これは,つまり,“かけ算はたし算のくりかえしだ”という定義なのだが,これは適当ではない。この定義で教えると,4×1とか4×0とかいうかけ算が出てくると、とまどってしまう。
 このあとは、「×小数」「×分数」の話につながっていきます。

 交換法則についてはとりあえずおいといて、かけ算の定義について考えてみます。

 かけ算をたし算のくりかえしと定義することに反対している遠山啓は、かけ算を“1あたり”から”いくつ分”を求める計算と定義するべきだ、と主張しています。そうするとどんないいことがあるかというと、「×0」「×1」「×小数」「×分数」の困難が一度に消滅する、と述べています。「これは教え方のうえでのたんなる技術的な改良にすぎないようにみえるかもしれない。しかし、じつはそうではなく、その背景は根深いのである。」とも書いています。
 
 たとえば、ウサギ1匹に耳が2本あることを確かめさせて、「1匹分が2本」であることがわかったのちに、「3匹分の耳は何本か」と問い、それを 2×3 と定義する。「この定義のなかには,“たし算”は一つもはいっていないことに注意してほしい。」と遠山啓は言います。(しかし、実際に子どもたちが計算するときには、たし算と無縁ではいられないと思います。)

 実際に子どもたちがどう考えるかというと、2+2+2=6 とする子もいるだろうし、右耳と左耳にわけて考えて、3+3=6 とする子もいるだろうし、3匹分のウサギの絵をかいて、耳を1、2、3、・・・と数える子もいるかもしれない。「そういう子どもは、すべて2×3の意味を正しくとらえているものと考えてよい」と遠山啓は言います。「ただ計算の手段がちがっただけだと考えるのである」と。

 ひょっとしてひょっとすると、このあたりに「6×4をバツにすることに納得できない派」との接点を見出せるのかもしれませんが、とりあえず付箋だけ立てておいて、先に進みます。

 さて、「2×3」というかけ算の意味を、“1あたり”が2の場合の3つ分だと考えたとします。では、「3×2」というかけ算は、どう定義されるのでしょうか。遠山啓のいうかけ算の定義には、“1あたり”から”いくつ分”を求める、ということだけが示されていて、(1あたり)×(いくつ分)という順序で式を書かなければいけない、とは定義されていません。しかし、とりあえず3×2を“1あたり”が3の場合の2つ分と考えてかまわない気がします。

 その定義のうえで、「6人のこどもに、1人4こずつみかんをあたえたい。みかんはいくつあればよいでしょうか」を出したとしても、やっぱり 6×4=24 はバツにできないと思うのです。トランプ方式の例のように、“1あたり”が6の4つ分という解釈ができるので。(その解釈を認めるかどうかの問題はありますが)

 なので、たとえばテストに「式は(1あたり)×(いくつ分)の順序で書きなさい」と注意書きを書いておいたとしても、やはり6×4=24はバツにできない。
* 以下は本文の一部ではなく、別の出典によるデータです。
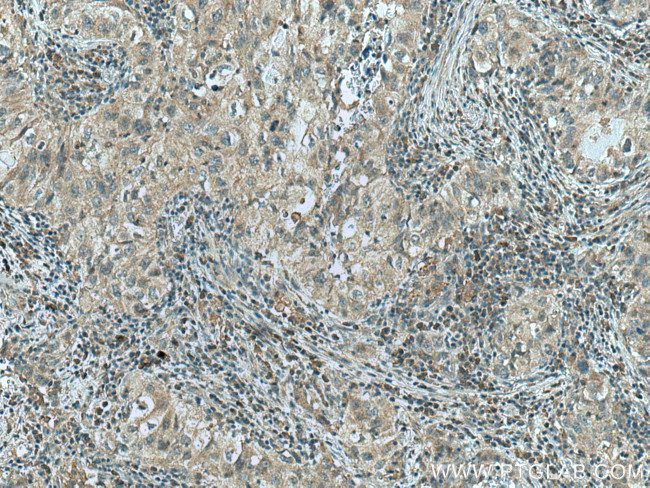 GPI Antibody in Immunohistochemistry (Paraffin) (IHC (P))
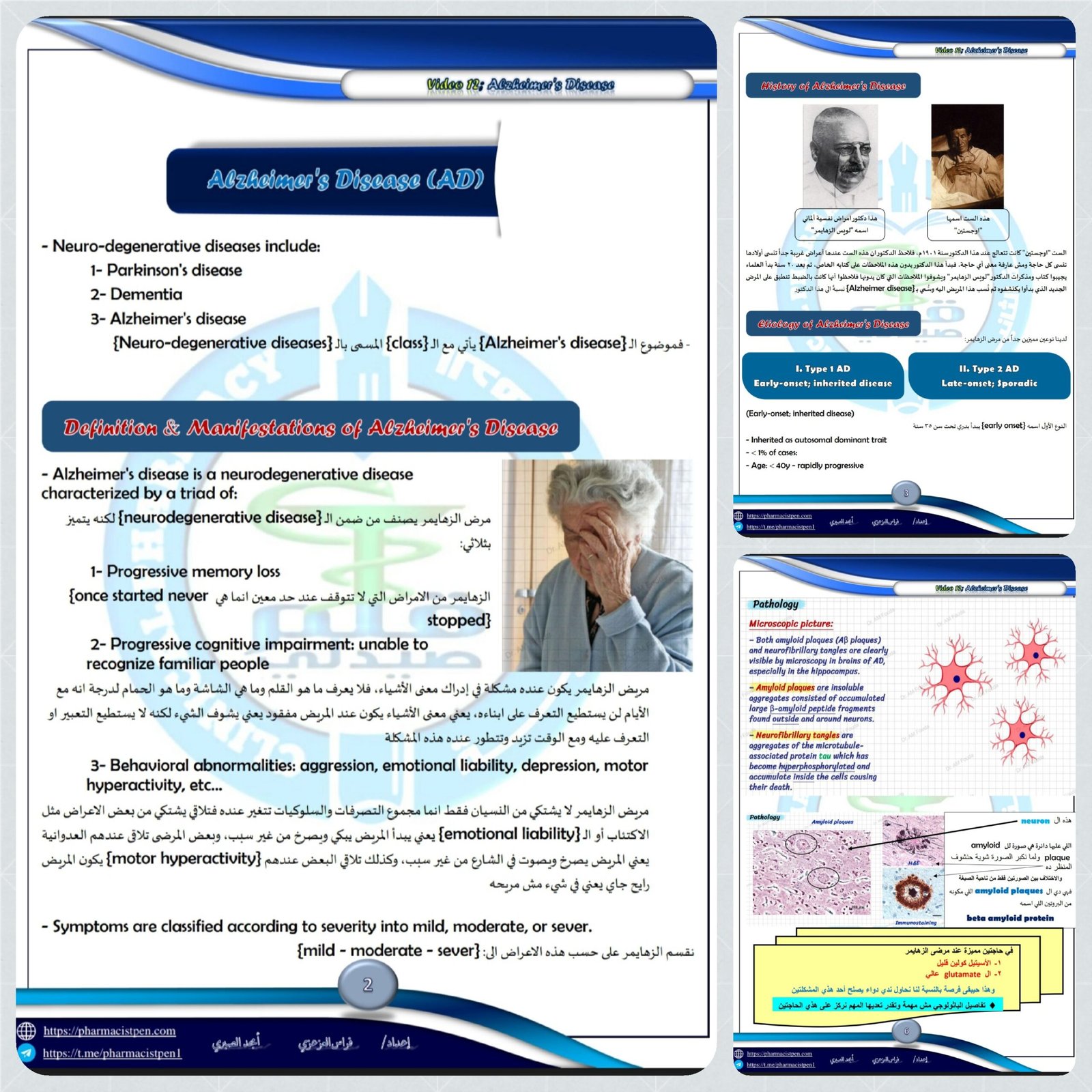 تفريغات الفيديو الثاني عشر 12 دكتور فوده Alzheimer’s Diseasr شابتر CNS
いっそのこと、「式は(1人あたりのみかんの数)×(人数)の順序で書きなさい」と明記しておいたほうが、確実かもしれません。それじゃぁテストの意味がないとおっしゃる先生もいらっしゃるでしょう(っていうか、ふつうそうですよね)。

 逆にいえば、“1あたり”から“いくつ分”を求める計算がかけ算だということを一生懸命教えた先生が、“1あたり”と“いくつ分”を子どもが理解しているかを知りたいあまり、式の順序にこだわるようになるのは、無理もないような気がするのです。(メタメタさんが、1972年の議論のもとになった教師は、実は数教協の人ではなかったのか?というようなことを書いておられて()、なるほどなぁ〜と思いました。もしそうだとしたら、遠山啓に批判されて驚いたでしょうね・・・)

 しかも、問題はこの1問ではないはずですし、テストにいたるまでの経過もあることと思います。件の論争のもとになった先生も、授業でそういう考え方は出てこなかったし、生徒も実際にそんなふうに考えていなかった、というようなことをおっしゃっています()。生徒が自分でトランプ方式を説明していたなら、さすがにこの先生もマルに変えたんじゃないでしょうか。変えないんでしょうか。
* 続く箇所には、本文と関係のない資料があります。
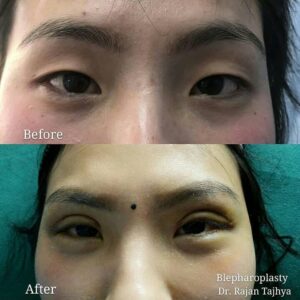 eyelid surgery (blepharoplasty surgery)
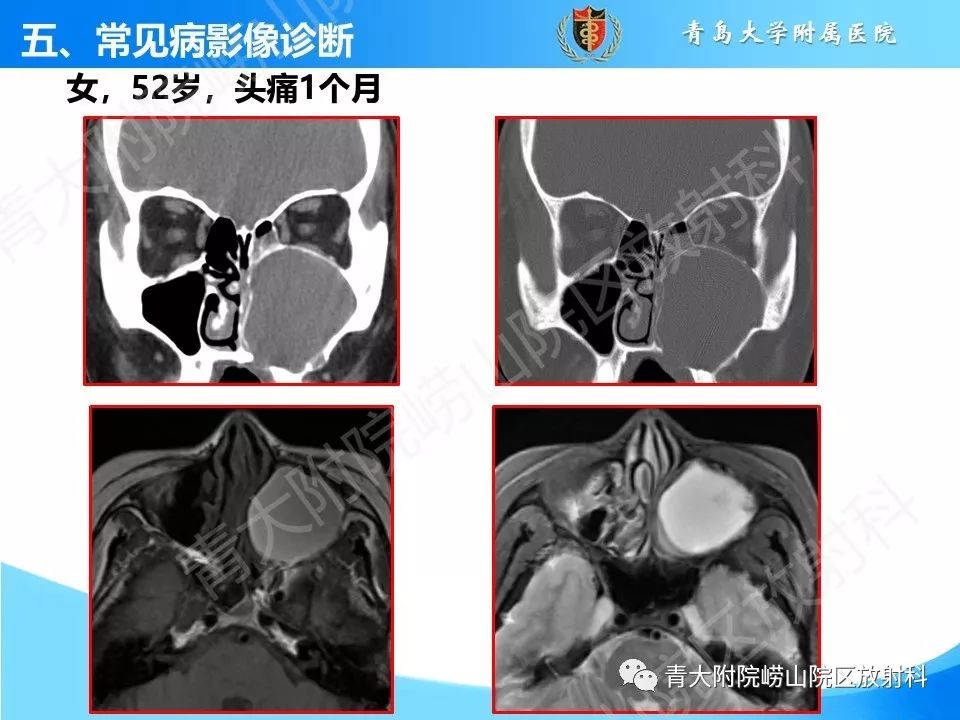 影像PPT - 【PPT】鼻和鼻窦-37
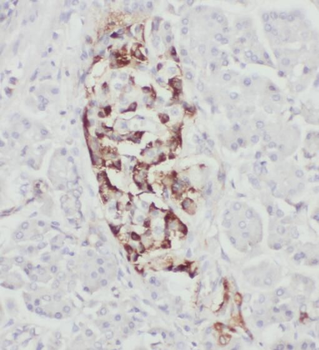RPL17 Rabbit Polyclonal Antibody
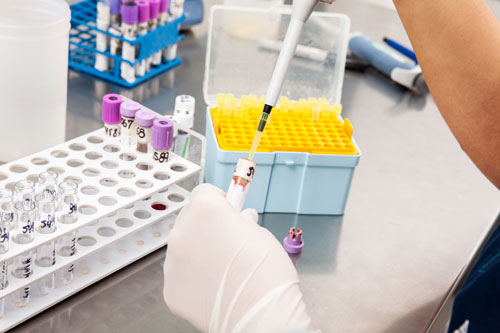 Sample Preparation in Flow Cytometry — Tips & Tricks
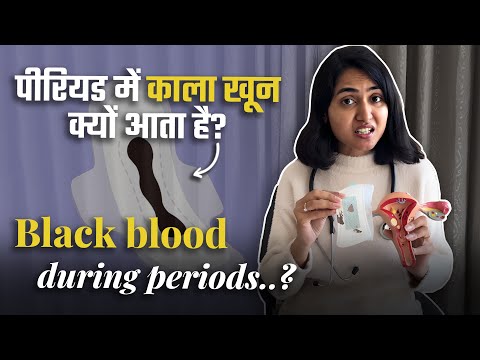 Black color period blood do this! Black period blood do this 🩸| Gynae talk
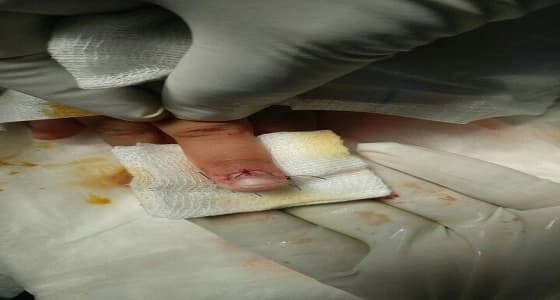 الأطباء يتمكنون من إعادة " إصبع مبتور " لطفل بمستشفى سلوى العام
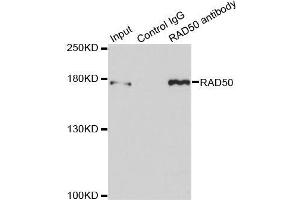 Immunoprecipitation analysis of 150 μg extracts of MCF7 cells using 3 μg RAD50 antibody (ABIN5971576). (RAD50 Antikörper)
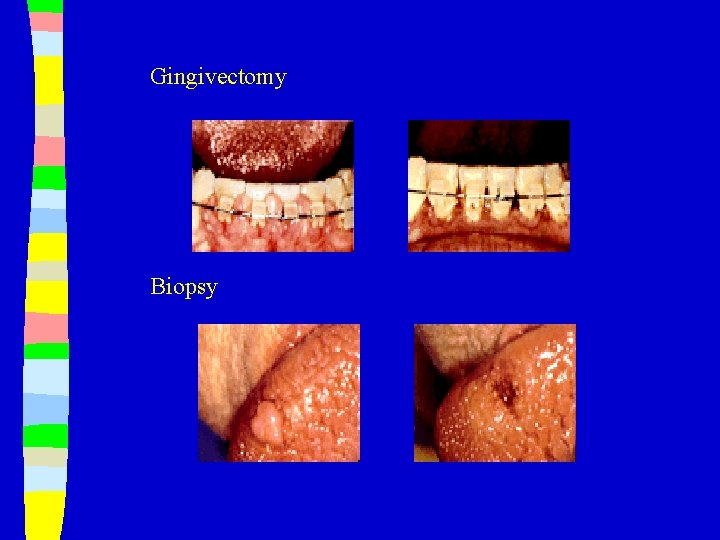 Gingivectomy Biopsy 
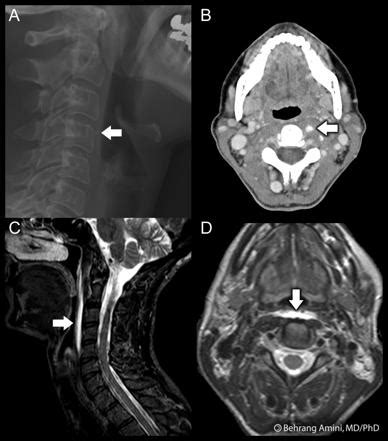 Calcific Tendinitis Of The Longus Colli Muscle Radiology Reference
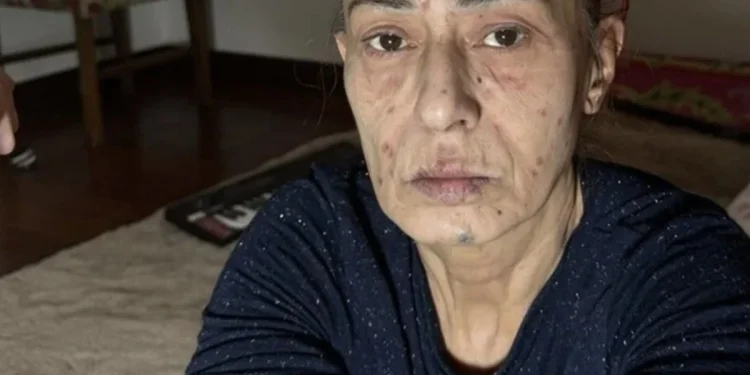 Yıldız Tilbe'den Yüzü Yanma Olayına İlişkin Yeni Açıklama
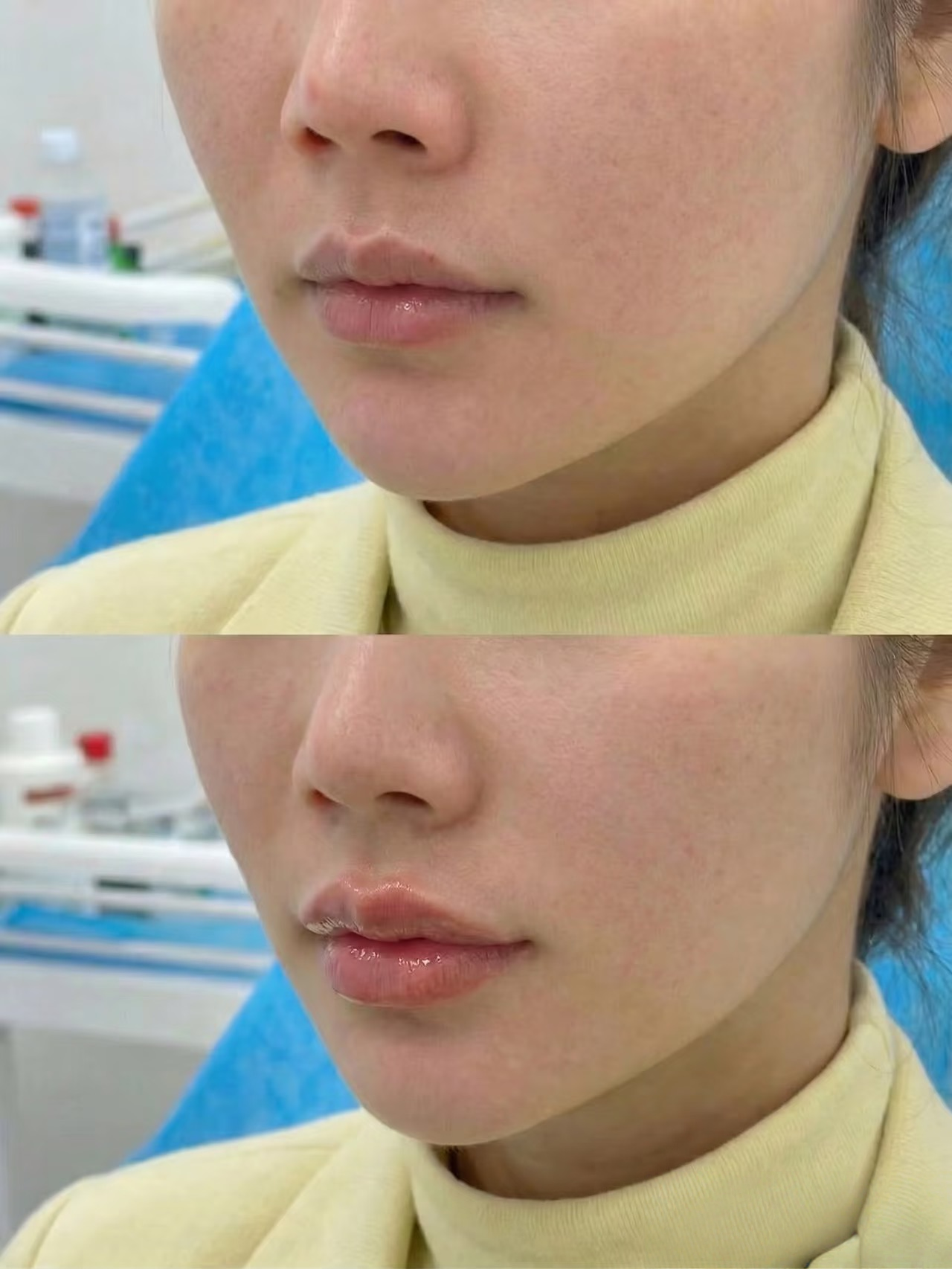 Restylane before / after 1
 先生たちは、経験を重ねてベテランになるほど、6×4=24 という式の背景にだいたい察しがつくようになっていくのだと思います。でも、その察しが当たっていないことだってきっとあると思う。なので、子どもにきいてみてはどうでしょうか。そして、何年教師をやっていても、やっぱり 6×4=24 と答案に書かれてしまうとしたら、バツで終わらせずに、そこで立ち止まって考えこむのも大切なことなんじゃないでしょうか。自分の伝えたいことが、生徒に伝わっていないのだから。(でも、6×4=24と書く子どもがゼロになるのもこわいな・・・)

 ちなみに、かけ算を学ぶ最初で、累加の概念を抹消するのは無理があるのではないかと個人的には思っているので、そのあたりについてあした書きます。